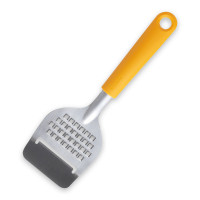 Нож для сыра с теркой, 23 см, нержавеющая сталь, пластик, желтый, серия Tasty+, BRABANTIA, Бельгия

--

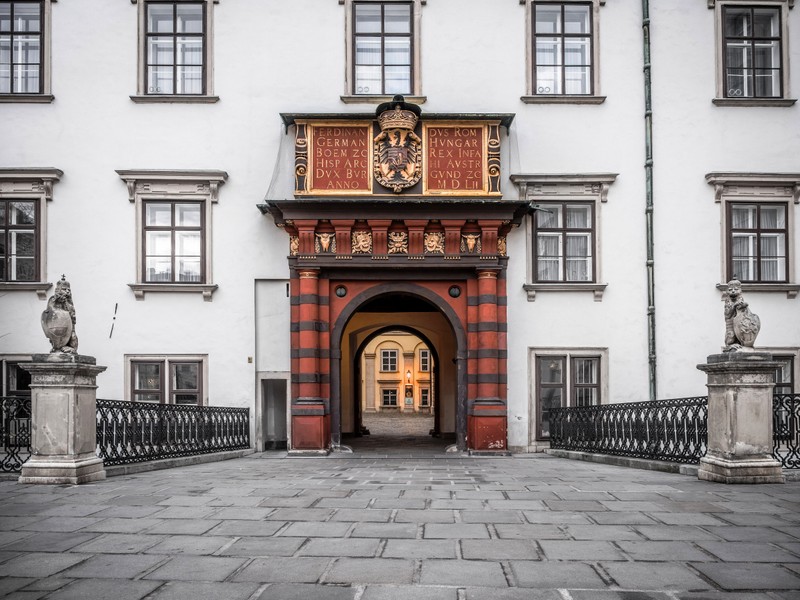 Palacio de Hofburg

...

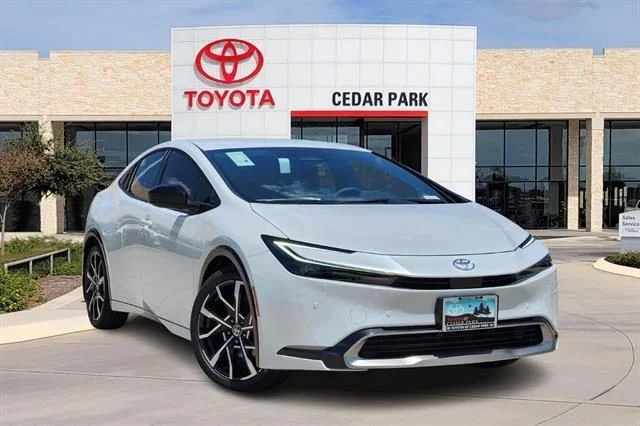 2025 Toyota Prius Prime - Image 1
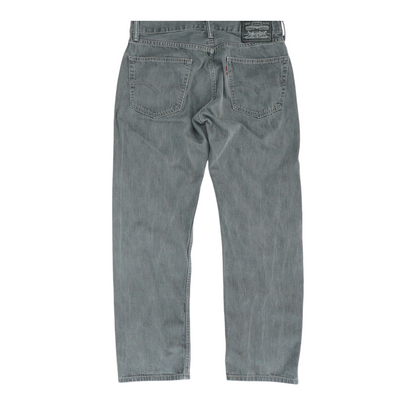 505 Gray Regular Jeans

## TASK:
Go back to the listing above and write out the lines starting at the one with "2025 Toyota Prius Prime - Image 1" and ending at the one with "505 Gray Regular Jeans", inclusive, exactly and without pictures.

## RESPONSE TO THE EXERCISE:
 2025 Toyota Prius Prime - Image 1
 505 Gray Regular Jeans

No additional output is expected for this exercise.